● WHAT NEEDS TO BE DONE
All entries are to be printed again exactly, with their images omitted.

● MATERIAL SUPPLIED
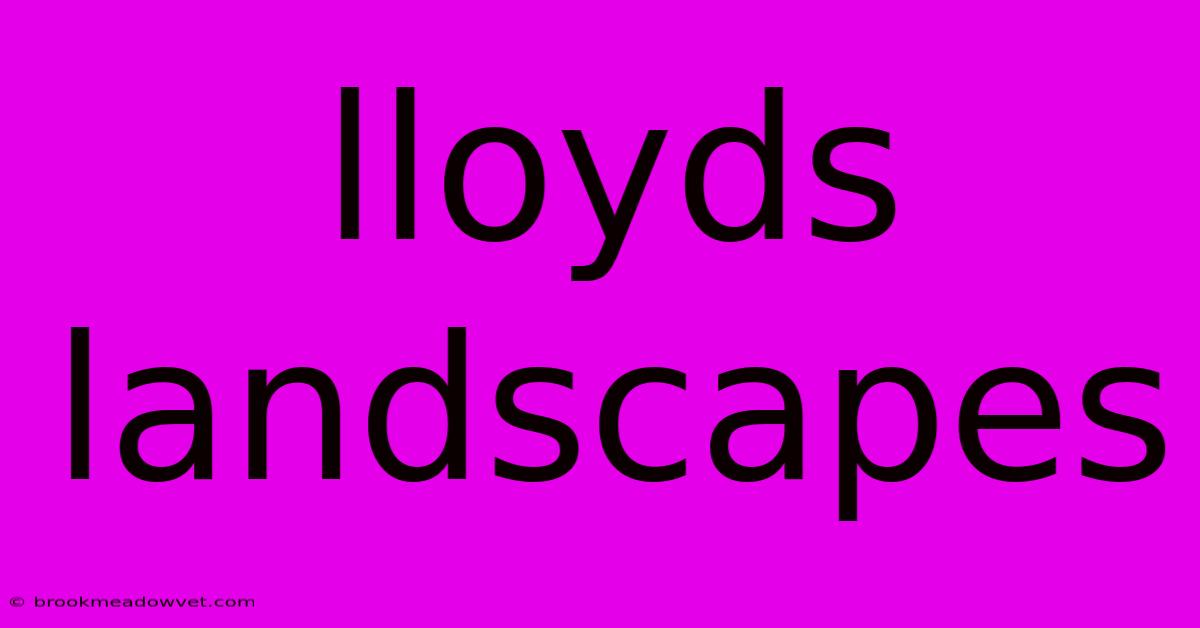 Lloyds Landscapes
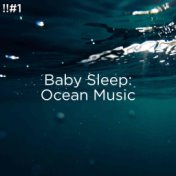 !!#1 Baby Sleep: Ocean Music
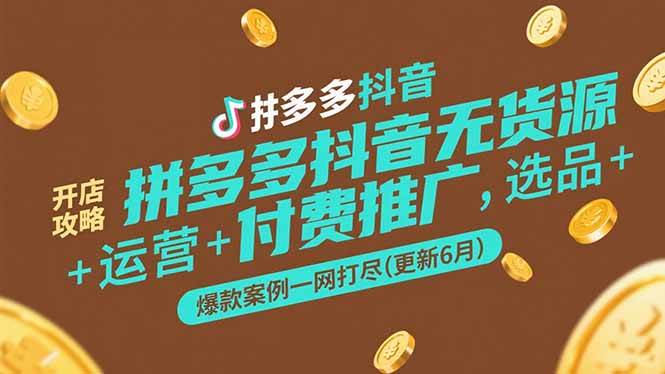 （15169期）拼多多抖音无货源开店攻略，选品+运营+付费推广+爆款案例一网打尽(更新6月-占领资源网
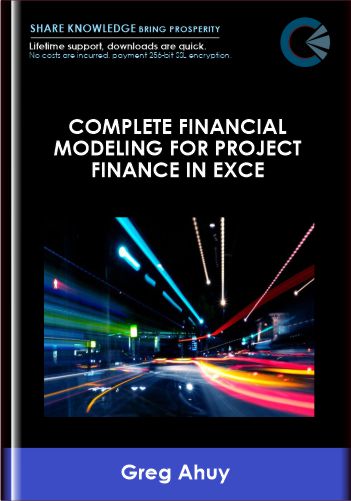 Complete Financial Modeling For Project Finance In Excel – Greg Ahuy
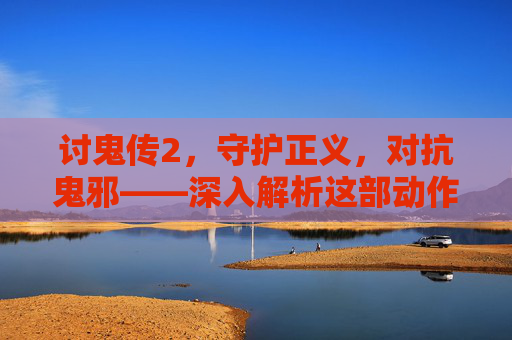 讨鬼传2,守护正义,对抗鬼邪——深入解析这部动作佳作的全新体验 讨鬼传2,守护正义,对抗鬼邪——深入解析这部动作佳作的全新体验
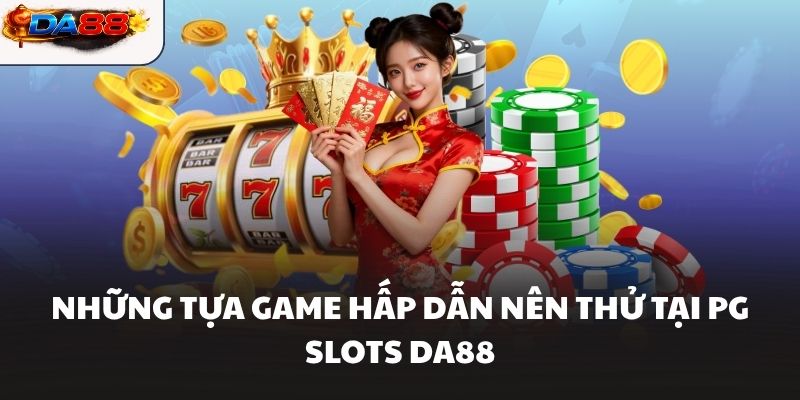 PG Slots DA88 Sảnh Game Nổ Hũ Đỉnh Cao Săn Thưởng Cực Khủng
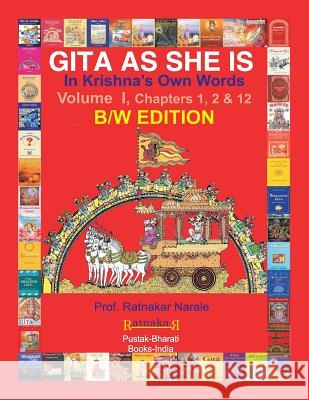 GITA AS SHE IS In Krishna's Own Words Narale, Ratnakar 9781897416112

● THE ANSWER
 Lloyds Landscapes
 !!#1 Baby Sleep: Ocean Music
 （15169期）拼多多抖音无货源开店攻略，选品+运营+付费推广+爆款案例一网打尽(更新6月-占领资源网
 Complete Financial Modeling For Project Finance In Excel – Greg Ahuy
 讨鬼传2,守护正义,对抗鬼邪——深入解析这部动作佳作的全新体验 讨鬼传2,守护正义,对抗鬼邪——深入解析这部动作佳作的全新体验
 PG Slots DA88 Sảnh Game Nổ Hũ Đỉnh Cao Săn Thưởng Cực Khủng
 GITA AS SHE IS In Krishna's Own Words Narale, Ratnakar 9781897416112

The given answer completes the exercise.